THE TASK ▸
When you copy the data, keep every word exactly as it is and leave the pictures out.

DATA EXTRACT ▸
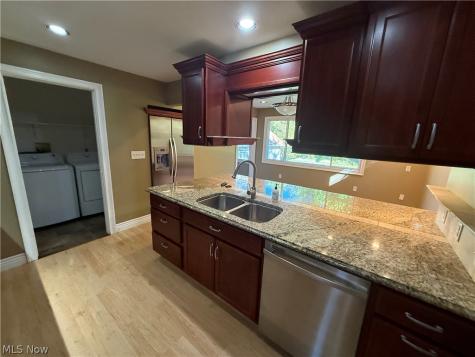 9423 Highland Drive Brecksville OH 44141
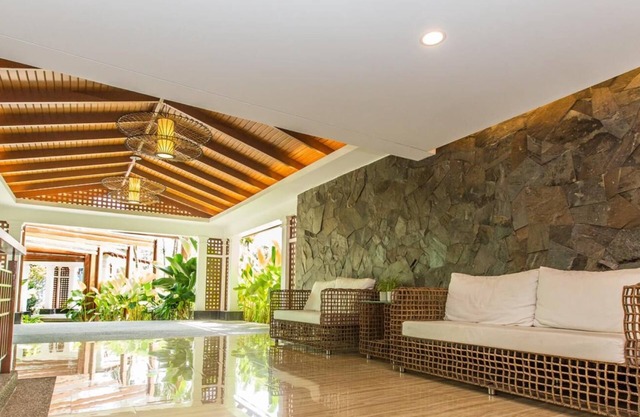 Studio Premiere with WIFI and Netflix.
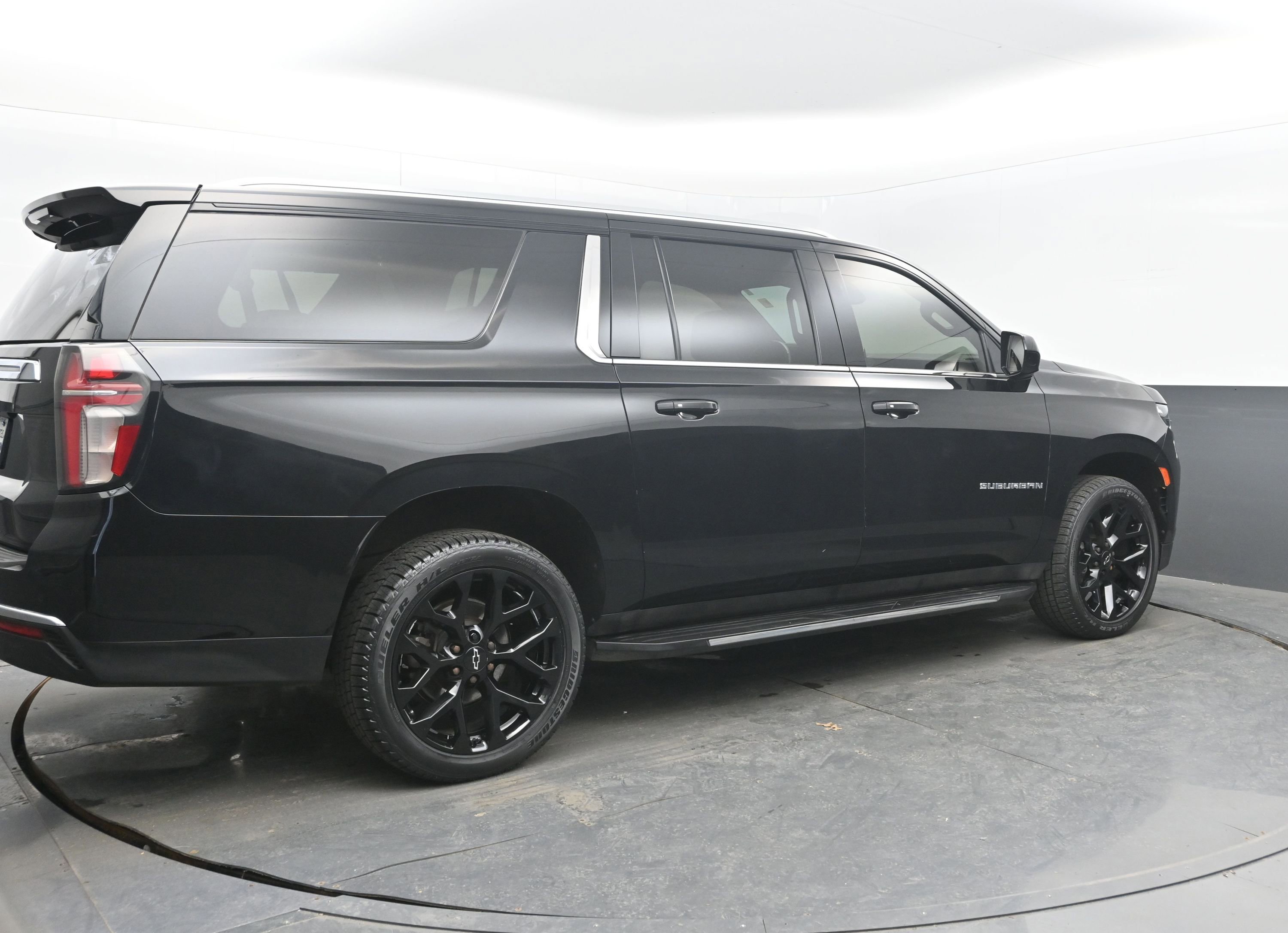 Used 2021 Chevrolet Suburban LT image 9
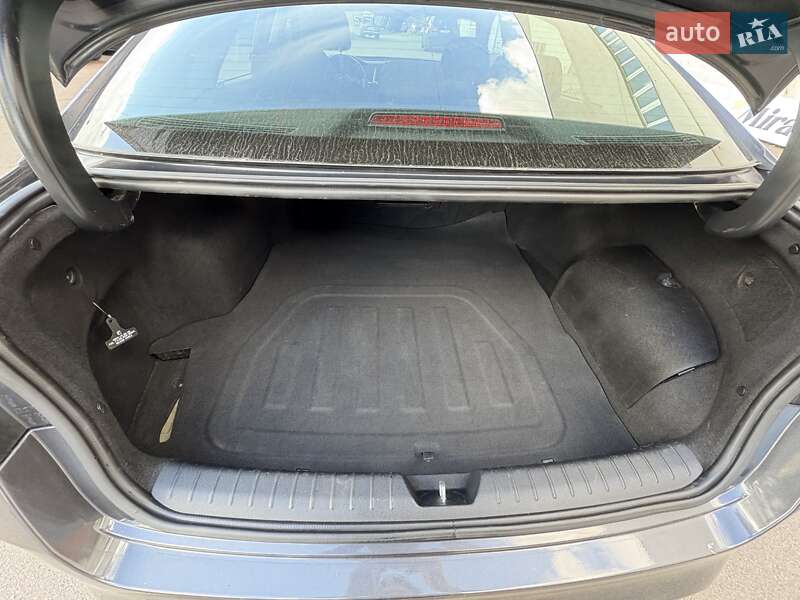 Седан Kia Optima 2017 в Киеве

RESULT OF THE TASK ▸
 9423 Highland Drive Brecksville OH 44141
 Studio Premiere with WIFI and Netflix.
 Used 2021 Chevrolet Suburban LT image 9
 Седан Kia Optima 2017 в Киеве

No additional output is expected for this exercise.